The album took on a whole new dimension when Grammy Award-winning mix engineer, Jeff Juliano (John Mayer, Dave Matthews Band, Lifehouse), joined the project. “Besides being one of the nicest guys you’ll ever meet, Jeff has an incredible talent for knowing where to take a song without ever compromising the artist’s integrity,” Nappi says. “His patience, intuitive sense of placement and impeccable ear really define him as a musician’s mix engineer.”

It has long been the artist’s prerogative to chart the map of his life in song, and Here We Go Again is no exception. From exploring the cyclical nature of repeated mistakes (and the failed attempt to escape them) in the album’s title track, to reflecting on a missed opportunity with a lover in “Pretend,” Nappi bravely exposes more than a few of his personal watershed moments in the thirteen-track album. “I was gonna call her/When I got home/Back to the city/Back to alone/I can still see her face/Tears in her eyes/Can’t remember why/I said goodbye,” he sings in “Pretend.”

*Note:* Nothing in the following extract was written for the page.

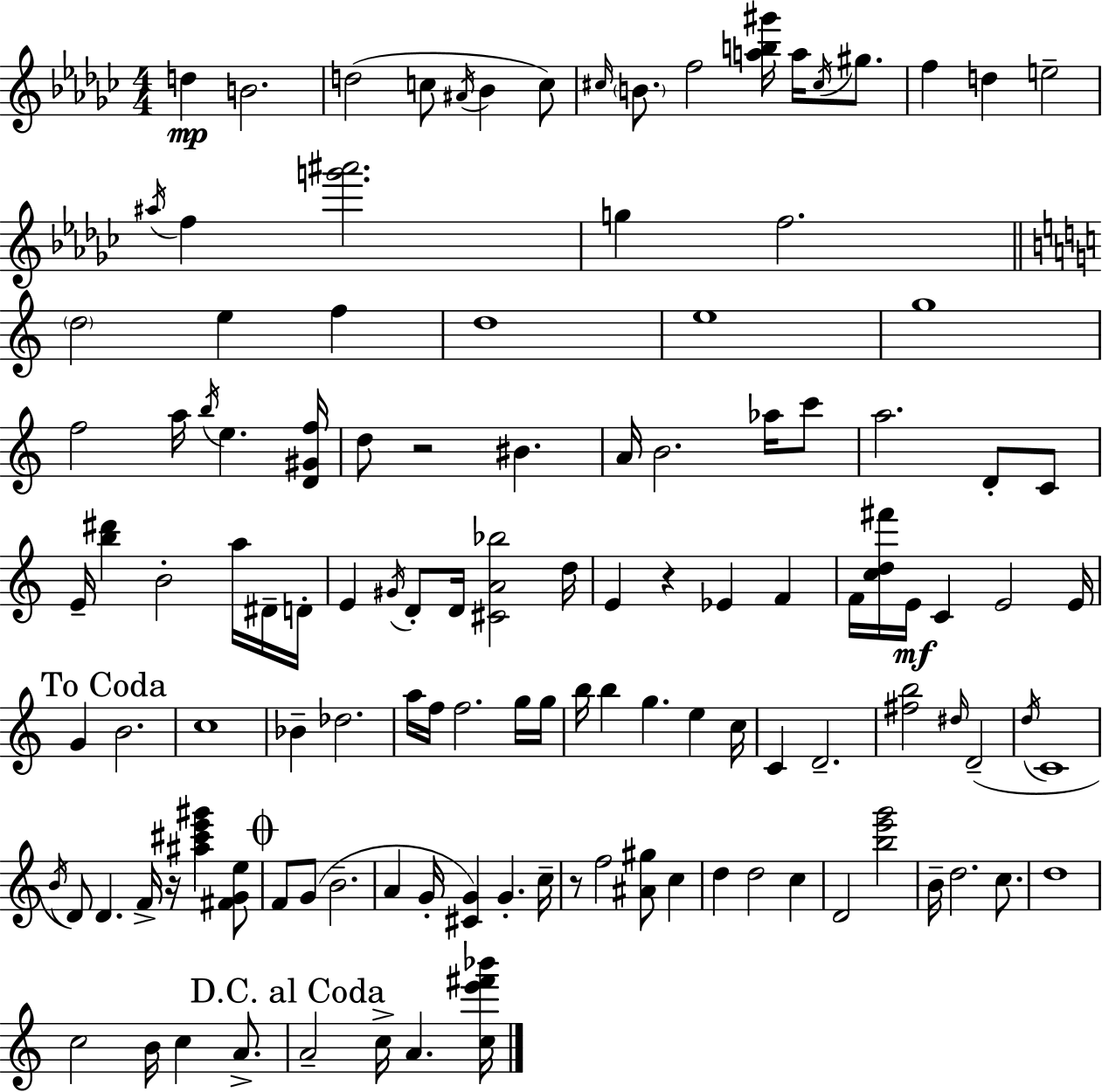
D5/q B4/h. D5/h C5/e A#4/s Bb4/q C5/e C#5/s B4/e. F5/h [A5,B5,G#6]/s A5/s C#5/s G#5/e. F5/q D5/q E5/h A#5/s F5/q [G6,A#6]/h. G5/q F5/h. D5/h E5/q F5/q D5/w E5/w G5/w F5/h A5/s B5/s E5/q. [D4,G#4,F5]/s D5/e R/h BIS4/q. A4/s B4/h. Ab5/s C6/e A5/h. D4/e C4/e E4/s [B5,D#6]/q B4/h A5/s D#4/s D4/s E4/q G#4/s D4/e D4/s [C#4,A4,Bb5]/h D5/s E4/q R/q Eb4/q F4/q F4/s [C5,D5,F#6]/s E4/s C4/q E4/h E4/s G4/q B4/h. C5/w Bb4/q Db5/h. A5/s F5/s F5/h. G5/s G5/s B5/s B5/q G5/q. E5/q C5/s C4/q D4/h. [F#5,B5]/h D#5/s D4/h D5/s C4/w B4/s D4/e D4/q. F4/s R/s [A#5,C#6,E6,G#6]/q [F#4,G4,E5]/e F4/e G4/e B4/h. A4/q G4/s [C#4,G4]/q G4/q. C5/s R/e F5/h [A#4,G#5]/e C5/q D5/q D5/h C5/q D4/h [B5,E6,G6]/h B4/s D5/h. C5/e. D5/w C5/h B4/s C5/q A4/e. A4/h C5/s A4/q. [C5,E6,F#6,Bb6]/s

“Who doesn’t have a story to tell about regret?” he asks. Or one about grief, one might add, which Nappi candidly explores in the intimate ballad “Guardian Angel,” a tender tribute to his late father. “I like to write about the common threads we all share with each other,” he explains. “We all experience those moments where we think nobody else could possibly understand what it is we’re going through – until we realize the human race has been loving and living and losing and learning since the beginning of time. It’s a comfort to me to know that we’re never as alone as we think.”

Both “Pretend” and “Guardian Angel” feature Nappi’s good friend, renowned Spyro Gyra guitarist, Julio Fernandez, who also lent his considerable talent – and a decidedly Latin flair – to the sexually-charged “Disturbed.” “Julio started playing this Flamenco vibe and immediately the whole energy of the track changed,” Nappi reminisces. “It was magical.”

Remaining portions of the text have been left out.